What does ACI 318-19 Section 12.5.3 actually check for diaphragms?

Section 12.5.3 covers in-plane shear strength of cast-in-place concrete diaphragms. It checks two things: first, that the nominal shear capacity Vn based on concrete and reinforcement is sufficient for the factored demand Vu; second, that the diaphragm cross-section is large enough to satisfy the dimensional limit, regardless of how much steel is provided. Both checks must pass independently.

What is Acv and how do I calculate it for my diaphragm?

Acv is the gross area of concrete bounded by the diaphragm web thickness and depth. For a solid slab diaphragm, it is typically the slab thickness multiplied by the depth of the diaphragm acting as a horizontal beam. If voids are present, such as from openings or topping slab discontinuities, reduce the gross area accordingly before entering it as your Acv input.

Why does the calculation cap sqrt(f'c) at 100 psi?

ACI 318-19 explicitly limits the value of sqrt(f'c) used in equations 12.5.3.3 and 12.5.3.4 to 100 psi. This cap prevents unconservative extrapolation of the concrete shear contribution for high-strength concretes, where the assumed linear relationship between tensile capacity and sqrt(f'c) becomes less reliable. The calculation enforces this cap automatically before computing Vn and Vlim.

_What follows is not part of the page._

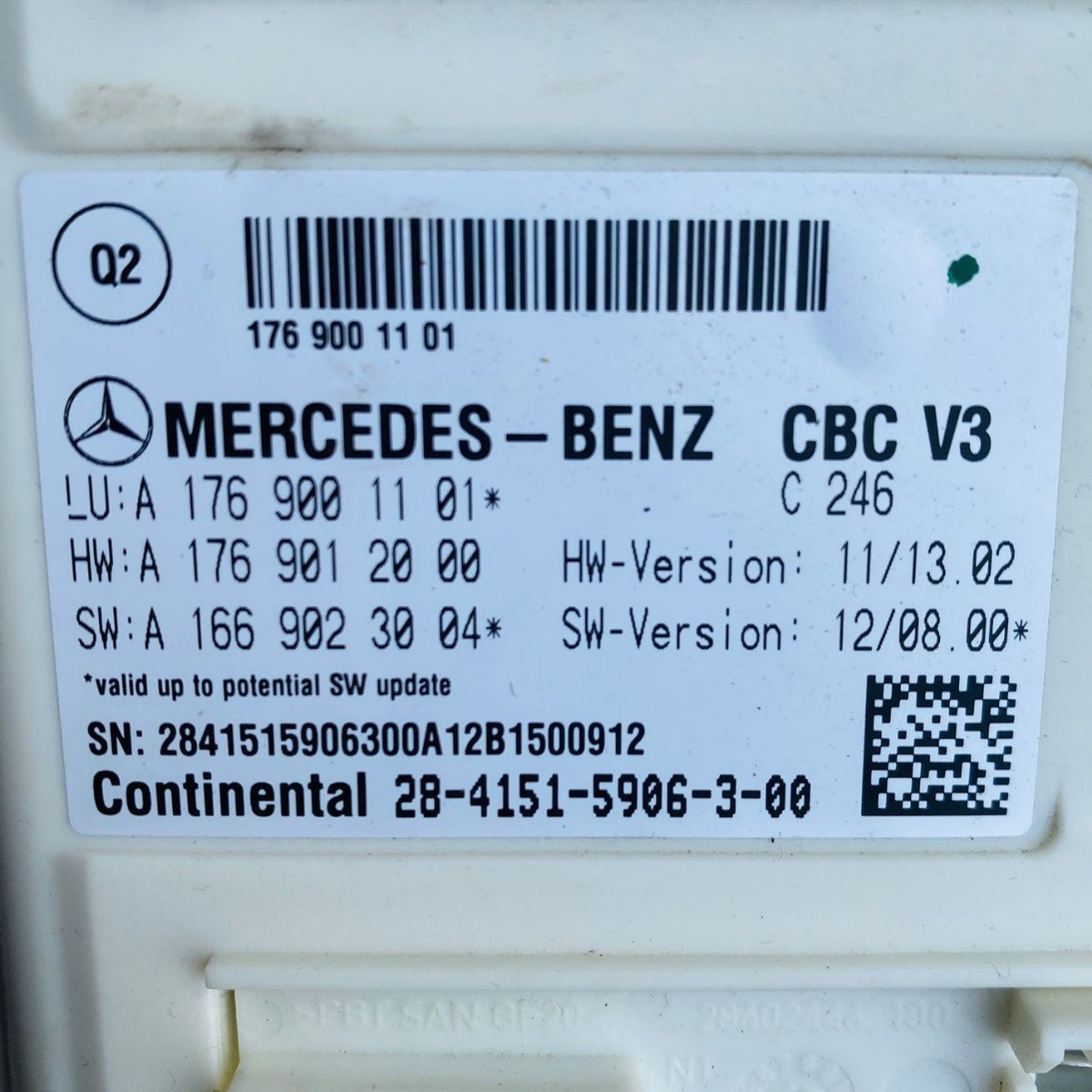 A1769001101 BCM Body Control Module CBC V3 ECU MERCEDES-BENZ - Used Auto Part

What is the dimensional limit check and why can it govern over the strength check?

The dimensional limit from 12.5.3.4 sets an upper bound of phi times 8 times Acv times sqrt(f'c) on the shear demand regardless of reinforcement. It is a cross-section sizing requirement, not a reinforcement check. If your diaphragm is thin relative to the shear demand, the dimensional limit will govern even if the reinforcement ratio yields a passing strength check. The governing design strength phi V_design is taken as the lesser of the two limits.

What value of phi should I use, and when would it be less than 0.75?

The default strength reduction factor for diaphragm shear under ACI 318-19 12.5.3.2 is 0.75. A lesser value may be required when seismic provisions apply and the diaphragm is part of a system where capacity-design requirements or special structural wall provisions impose a lower phi. Check your governing seismic design category and system requirements before accepting the default 0.75.

How do I set rho_t correctly for my reinforcement layout?

rho_t is the distributed reinforcement ratio for bars oriented parallel to the direction of in-plane shear being checked. Calculate it as the total steel area per unit length in that direction divided by the diaphragm web thickness. Note that diaphragm chord reinforcement and collector steel are not included here; rho_t covers only the distributed web reinforcement contributing to shear resistance.